Nuevos desarrollos a partir de finales de los años 90 se centran en las normas de juego políticas que permitan llegar a acuerdos a los grupos de interés a partir de aproximaciones desde la teoría de la agencia, donde los principales (los grupos de presión, los ciudadanos) intentan controlar la acción de los agentes (el gobierno, las instituciones públicas). El problema surge porque los compromisos políticos entre principales no son legalmente vinculantes y hay un incentivo a romper las soluciones cooperativas premiando al agente para que favorezca al propio grupo. Hace falta desarrollar un esquema de normas y sanciones informales que hagan creíbles los compromisos. Entre ellas, un elemento central es la legitimidad y asunción de responsabilidades del agente. El proceso político y la formación del gobierno (el agente) debe estar articulado de forma que los votantes (el principal) reconozcan la legitimidad del agente para llevar a cabo las reformas de política económica (el proceso político debe ser limpio y ampliamente reconocido). La dirección es doble, porque el comportamiento de los líderes afecta a la percepción de los ciudadanos sobre su propio comportamiento mutuo, de forma que los líderes pueden (deben) actuar de forma que favorezcan que los ciudadanos perciban los acuerdos sociales o políticos como cooperativos y legítimos.
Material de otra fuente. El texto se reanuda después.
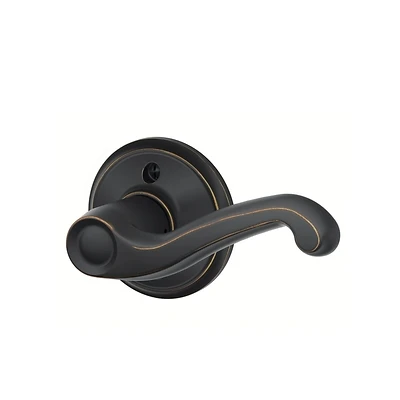 Aged Bronze Dummy Lever Right Handed F170vfla716rh Residential Door Hardware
La generación más reciente de análisis de economía política se centra en las preferencias. Se trata de ir al origen de las decisiones de voto de los ciudadanos, cómo se determinan sus preferencias. El problema está en que sus decisiones no están determinadas como supone el análisis económico tradicional por el típico comportamiento racional del homo economicus (un individuo que persigue su propia utilidad actuando con expectativas racionales a partir de la información de la que dispone). Como veíamos, los individuos pueden tener preferencias altruistas (homo socialis), o comportamientos no racionales, como predice la economía conductual.
En este contexto, adquieren especial importancia las políticas de identidad, en las que la ideología y el carisma tienen un elevado peso en la decisión del ciudadano, que recibe una utilidad por votar al partido o las políticas con el que más se identifica. Por tanto, en la práctica, el problema de la legitimidad y la acción de política económica se traduce en un problema de creencias y de formación de preferencias de los ciudadanos, es decir, de nuevo los valores ‒lo que, por otro lado, exige a la economía a importar el análisis de la ciencia política, la sociología o la psicología.
La OCDE sintetizaba una serie de claves para el éxito de las reformas, a partir de las lecciones aprendidas de procesos de reforma económica en distintos países, incluyendo: la importancia de contar con el mandato electoral, la efectiva información y comunicación de las reformas para persuadir de su importancia a los ciudadanos, el asentamiento del diseño de las políticas en un sólido análisis económico, el liderazgo y la cohesión interna del gobierno (la concertación social puede ayudar, pero no sustituir este liderazgo) o la gestación de las reformas durante un prolongado proceso de tiempo que permita su análisis y consulta.
Ya no vale la receta de la campaña de Clinton en 1992. No basta con que la economía vaya bien (si es que tal concepto puede definirse), sino que el ciudadano debe valorar que va bien (incluyendo que la distribución se perciba como justa). Eso sí, la condición necesaria para emprender cualquier reforma es que se forme un gobierno en primer lugar.